The date scanner can be used either for Denys's and Gregorian calendars. Inexistent dates are detected, they include year 0, dates between 1582-10-05 and 1582-10-14, February 29th of non leap years, months below 1 or above 12, ... the scanner does not take into account leap seconds: you can think it works only in International Atomic Time (TAI) and not in Coordinated Unified Time (UTC). If you find yourself in a situation were you need UTC, a very precise scale, and should take into account leap seconds ... you should convert your data yourself (for example using International Atomic Time). But if you bother with that you probably already know what to do.

7.5 Xmgr to Grace migration guide

This is a very brief guide describing problems and workarounds for reading in project files saved with Xmgr. You should read the docs or just play with Grace to test new features and controls.

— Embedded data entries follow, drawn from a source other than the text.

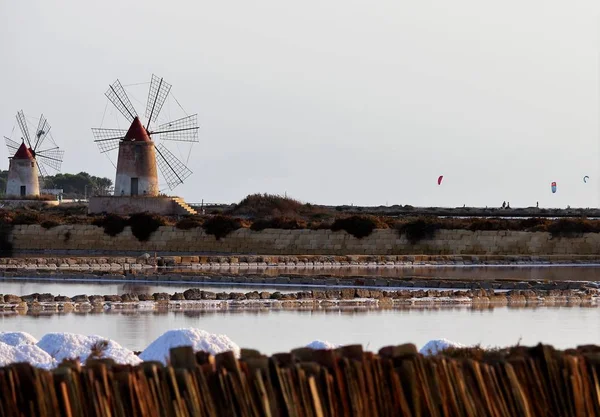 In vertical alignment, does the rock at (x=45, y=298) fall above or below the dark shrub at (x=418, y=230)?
below

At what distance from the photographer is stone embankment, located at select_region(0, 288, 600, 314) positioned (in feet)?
40.7

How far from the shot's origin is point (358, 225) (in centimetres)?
2595

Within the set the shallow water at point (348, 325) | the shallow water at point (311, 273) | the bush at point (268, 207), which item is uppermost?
the bush at point (268, 207)

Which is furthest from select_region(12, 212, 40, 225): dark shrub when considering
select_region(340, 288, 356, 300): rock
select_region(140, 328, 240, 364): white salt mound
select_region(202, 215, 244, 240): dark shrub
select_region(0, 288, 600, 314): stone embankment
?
select_region(140, 328, 240, 364): white salt mound

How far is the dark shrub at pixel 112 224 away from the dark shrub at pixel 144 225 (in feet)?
0.60

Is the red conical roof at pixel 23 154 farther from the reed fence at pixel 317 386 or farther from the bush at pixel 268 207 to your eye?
the reed fence at pixel 317 386

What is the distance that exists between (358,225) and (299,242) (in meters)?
1.21

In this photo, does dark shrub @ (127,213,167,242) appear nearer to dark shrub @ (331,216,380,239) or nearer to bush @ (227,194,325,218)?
dark shrub @ (331,216,380,239)

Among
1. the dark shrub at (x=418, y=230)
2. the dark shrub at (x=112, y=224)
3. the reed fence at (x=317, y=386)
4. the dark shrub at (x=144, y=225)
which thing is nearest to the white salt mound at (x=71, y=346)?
the reed fence at (x=317, y=386)

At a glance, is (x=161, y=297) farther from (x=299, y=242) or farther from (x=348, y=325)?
(x=299, y=242)

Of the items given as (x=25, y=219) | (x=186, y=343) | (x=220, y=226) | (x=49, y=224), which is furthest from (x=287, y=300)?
(x=25, y=219)

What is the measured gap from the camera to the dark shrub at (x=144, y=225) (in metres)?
26.8

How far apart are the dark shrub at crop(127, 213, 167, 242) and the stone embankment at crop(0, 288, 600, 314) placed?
13046 mm

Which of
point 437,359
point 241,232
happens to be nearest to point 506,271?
point 241,232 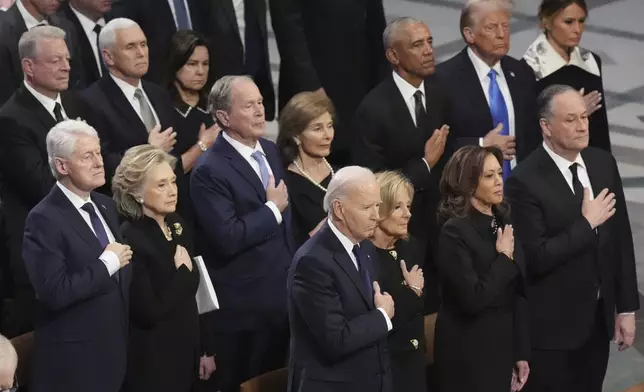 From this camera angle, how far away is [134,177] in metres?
5.01

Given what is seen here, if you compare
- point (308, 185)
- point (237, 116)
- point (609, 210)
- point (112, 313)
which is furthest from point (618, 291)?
point (112, 313)

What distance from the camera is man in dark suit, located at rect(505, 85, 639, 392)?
18.0 feet

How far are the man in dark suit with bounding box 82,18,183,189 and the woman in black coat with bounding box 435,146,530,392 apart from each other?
4.56 feet

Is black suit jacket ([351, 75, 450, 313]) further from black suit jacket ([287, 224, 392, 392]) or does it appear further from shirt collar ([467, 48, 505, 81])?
black suit jacket ([287, 224, 392, 392])

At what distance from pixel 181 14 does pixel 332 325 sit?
106 inches

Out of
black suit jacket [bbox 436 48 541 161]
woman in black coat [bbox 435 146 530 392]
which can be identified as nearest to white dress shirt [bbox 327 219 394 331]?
woman in black coat [bbox 435 146 530 392]

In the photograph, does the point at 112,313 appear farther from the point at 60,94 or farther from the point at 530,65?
the point at 530,65

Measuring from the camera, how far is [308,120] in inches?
222

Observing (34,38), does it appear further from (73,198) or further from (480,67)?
(480,67)

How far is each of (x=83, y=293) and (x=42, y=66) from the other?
1302 mm

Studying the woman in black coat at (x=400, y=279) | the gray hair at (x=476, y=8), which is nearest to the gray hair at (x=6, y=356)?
the woman in black coat at (x=400, y=279)

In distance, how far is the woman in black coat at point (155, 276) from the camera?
503 centimetres

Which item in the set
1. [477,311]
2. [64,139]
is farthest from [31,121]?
[477,311]

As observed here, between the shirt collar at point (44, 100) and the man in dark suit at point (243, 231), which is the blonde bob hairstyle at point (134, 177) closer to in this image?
the man in dark suit at point (243, 231) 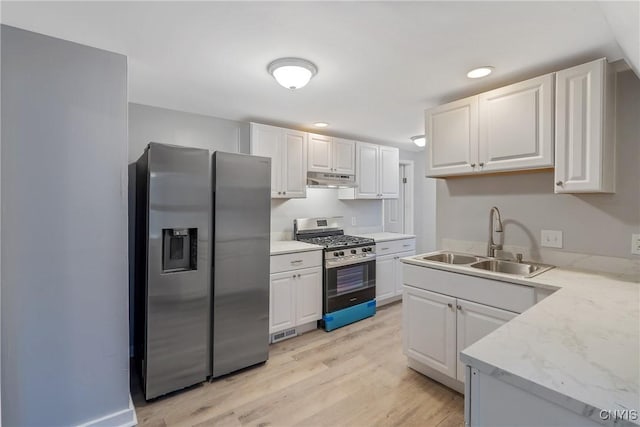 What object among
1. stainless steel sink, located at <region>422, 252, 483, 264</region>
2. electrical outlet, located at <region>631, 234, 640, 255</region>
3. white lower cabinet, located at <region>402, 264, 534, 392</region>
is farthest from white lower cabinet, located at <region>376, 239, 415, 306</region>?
electrical outlet, located at <region>631, 234, 640, 255</region>

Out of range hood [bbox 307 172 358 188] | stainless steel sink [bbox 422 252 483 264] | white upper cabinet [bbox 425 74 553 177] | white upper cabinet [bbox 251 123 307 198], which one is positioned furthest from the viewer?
range hood [bbox 307 172 358 188]

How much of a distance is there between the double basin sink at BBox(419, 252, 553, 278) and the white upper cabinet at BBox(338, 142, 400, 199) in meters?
1.64

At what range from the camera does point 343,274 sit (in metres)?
3.33

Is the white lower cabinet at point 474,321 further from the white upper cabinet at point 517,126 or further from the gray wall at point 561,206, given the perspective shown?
the white upper cabinet at point 517,126

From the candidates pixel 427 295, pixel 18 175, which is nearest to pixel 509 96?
pixel 427 295

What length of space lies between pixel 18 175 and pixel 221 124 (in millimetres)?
1858

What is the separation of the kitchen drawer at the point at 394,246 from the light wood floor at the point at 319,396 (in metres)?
1.26

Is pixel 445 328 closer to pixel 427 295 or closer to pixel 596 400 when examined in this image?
pixel 427 295

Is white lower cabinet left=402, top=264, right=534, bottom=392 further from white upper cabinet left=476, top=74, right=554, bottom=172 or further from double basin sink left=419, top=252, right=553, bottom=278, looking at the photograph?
white upper cabinet left=476, top=74, right=554, bottom=172

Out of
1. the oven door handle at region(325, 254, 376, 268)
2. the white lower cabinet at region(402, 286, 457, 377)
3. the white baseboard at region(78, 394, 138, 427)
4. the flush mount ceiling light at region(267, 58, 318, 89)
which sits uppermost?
the flush mount ceiling light at region(267, 58, 318, 89)

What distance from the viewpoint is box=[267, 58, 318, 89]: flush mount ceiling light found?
6.21 feet

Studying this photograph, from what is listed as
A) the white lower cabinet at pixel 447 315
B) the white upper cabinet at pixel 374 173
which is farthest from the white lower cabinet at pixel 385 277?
the white lower cabinet at pixel 447 315

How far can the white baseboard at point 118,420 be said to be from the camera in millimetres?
1768

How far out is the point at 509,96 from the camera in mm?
2100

  1. Grace must be explicitly told the version number of the software used to create a file. You can manually put "@version VERSIONID" string at the beginning of the file. The VERSIONID is built as MAJOR_REV*10000 + MINOR_REV*100 + PATCHLEVEL; so 40101 corresponds to Xmgr-4.1.1. Projects saved with Xmgr-4.1.2 do NOT need the above, since they already have the version string in them. If you have no idea what version of Xmgr your file was created with, try some. In most cases, 40102 would do the trick.
  2. The above relates to the ASCII projects only. The old binary projects (saved with xmgr-4.0.*) are not automatically converted anymore. You can use the "grconvert" utility that comes with Grace to convert such files to Xmgr-4.1.2-style projects.

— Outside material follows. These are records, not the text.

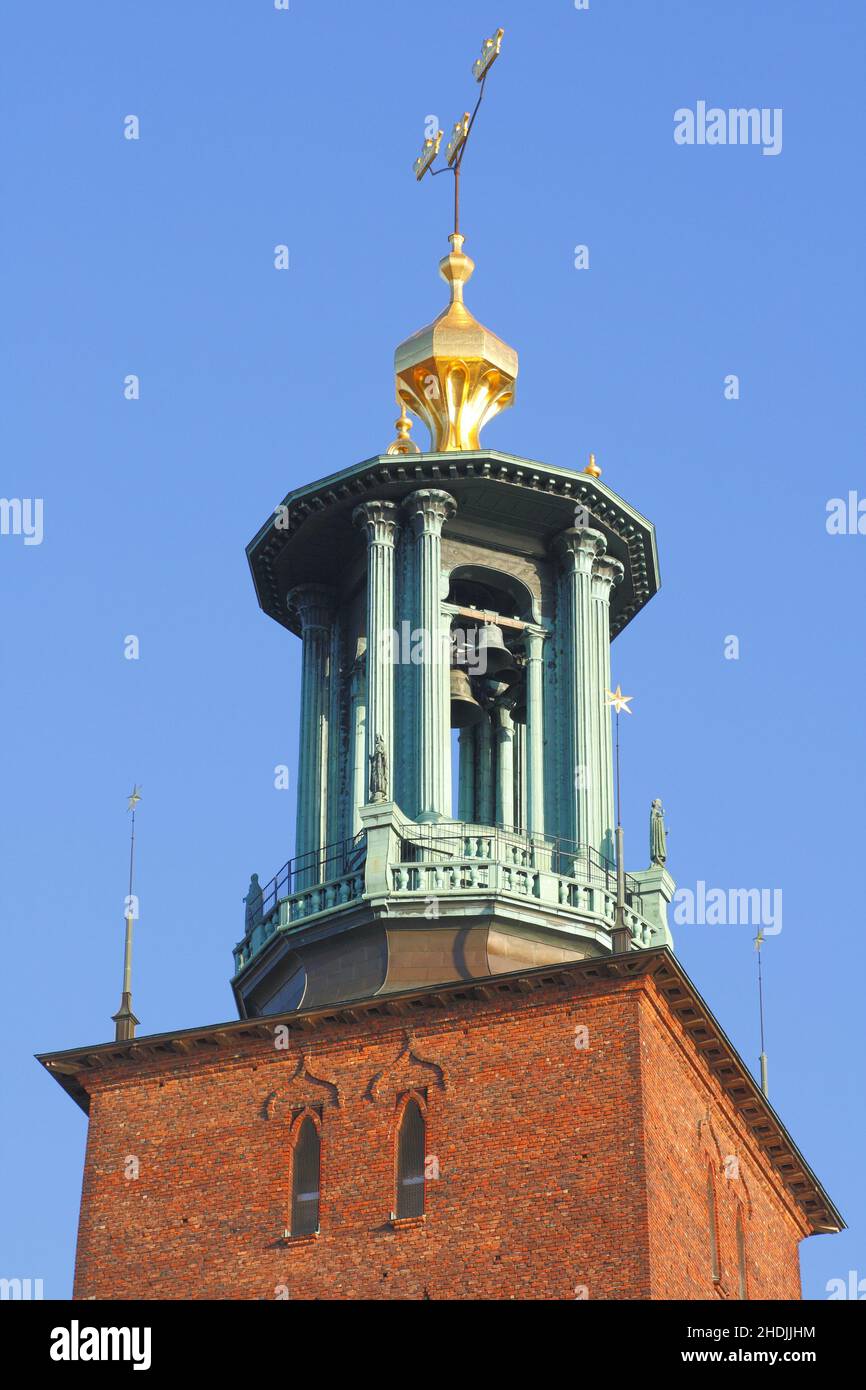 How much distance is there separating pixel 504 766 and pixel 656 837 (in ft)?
11.1

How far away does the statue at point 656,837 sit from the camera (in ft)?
168

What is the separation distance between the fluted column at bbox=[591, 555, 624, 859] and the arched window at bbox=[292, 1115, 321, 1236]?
595 cm

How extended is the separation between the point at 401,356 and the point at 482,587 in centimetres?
415

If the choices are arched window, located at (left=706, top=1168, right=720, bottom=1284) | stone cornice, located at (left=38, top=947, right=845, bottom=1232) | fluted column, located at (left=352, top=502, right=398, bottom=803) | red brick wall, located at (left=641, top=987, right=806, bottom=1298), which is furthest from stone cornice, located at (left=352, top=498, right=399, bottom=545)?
arched window, located at (left=706, top=1168, right=720, bottom=1284)

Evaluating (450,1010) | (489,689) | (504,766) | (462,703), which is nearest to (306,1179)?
(450,1010)

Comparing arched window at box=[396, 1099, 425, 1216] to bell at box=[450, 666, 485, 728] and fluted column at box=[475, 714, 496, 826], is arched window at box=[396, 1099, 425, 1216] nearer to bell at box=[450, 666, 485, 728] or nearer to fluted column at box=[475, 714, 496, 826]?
fluted column at box=[475, 714, 496, 826]

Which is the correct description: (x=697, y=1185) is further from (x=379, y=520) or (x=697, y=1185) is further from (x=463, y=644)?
(x=379, y=520)

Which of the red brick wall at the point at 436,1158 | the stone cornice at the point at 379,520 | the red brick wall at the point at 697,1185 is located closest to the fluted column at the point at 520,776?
the stone cornice at the point at 379,520

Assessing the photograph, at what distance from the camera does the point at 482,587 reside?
5441cm

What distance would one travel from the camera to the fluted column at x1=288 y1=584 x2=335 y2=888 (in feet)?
169

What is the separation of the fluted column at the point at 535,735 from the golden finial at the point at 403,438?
400cm

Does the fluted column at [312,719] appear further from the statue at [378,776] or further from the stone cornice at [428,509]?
the stone cornice at [428,509]

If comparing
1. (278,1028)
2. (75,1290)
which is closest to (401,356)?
(278,1028) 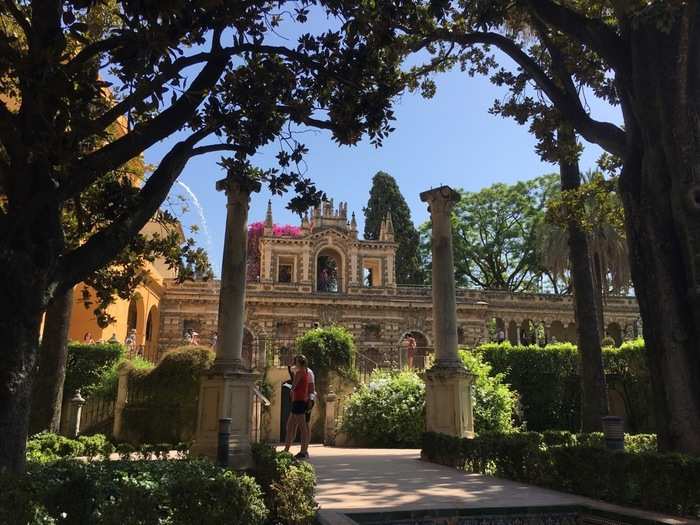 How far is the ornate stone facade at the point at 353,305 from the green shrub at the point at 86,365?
13207 mm

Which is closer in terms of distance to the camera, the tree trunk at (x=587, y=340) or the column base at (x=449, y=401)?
the column base at (x=449, y=401)

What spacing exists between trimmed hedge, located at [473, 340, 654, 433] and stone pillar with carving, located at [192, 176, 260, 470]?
53.3 ft

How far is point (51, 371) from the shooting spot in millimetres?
11414

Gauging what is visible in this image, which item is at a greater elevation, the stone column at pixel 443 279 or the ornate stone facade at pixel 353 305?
the ornate stone facade at pixel 353 305

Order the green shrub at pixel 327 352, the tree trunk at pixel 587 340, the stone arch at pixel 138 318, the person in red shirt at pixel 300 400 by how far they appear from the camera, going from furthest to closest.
Result: the stone arch at pixel 138 318
the green shrub at pixel 327 352
the tree trunk at pixel 587 340
the person in red shirt at pixel 300 400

  3. Grace is WYSIWYG. Xmgr was not. Many changes required to achieve the WYSIWYG'ness led to the situation when graphs with objects carefully aligned under Xmgr may not look so under Grace. Grace tries its best to compensate for the differences, but sometimes you may have to adjust such graphs manually.
  4. A lot of symbol types (all except *real* symbols) are removed. "Location *" types can be replaced (with much higher comfort) by A(nnotating)values. "Impulse *", "Histogram *" and "Stair steps *" effects can be achieved using the connecting line parameters (Type, Drop lines). "Dot" symbol is removed as well; use the filled circle symbol of the zero size with no outline to get the same effect.
  5. Default page layout switched from free (allowing to resize canvas with mouse) to fixed. For the old behavior, put "PAGE LAYOUT FREE" in the Grace resource file or use the "-free" command line switch. The use of the "free" page layout is in general deprecated, though.
  6. System (shell) variables GR_* renamed to GRACE_*
  7. Smith plots don't work now. They'll be put back soon.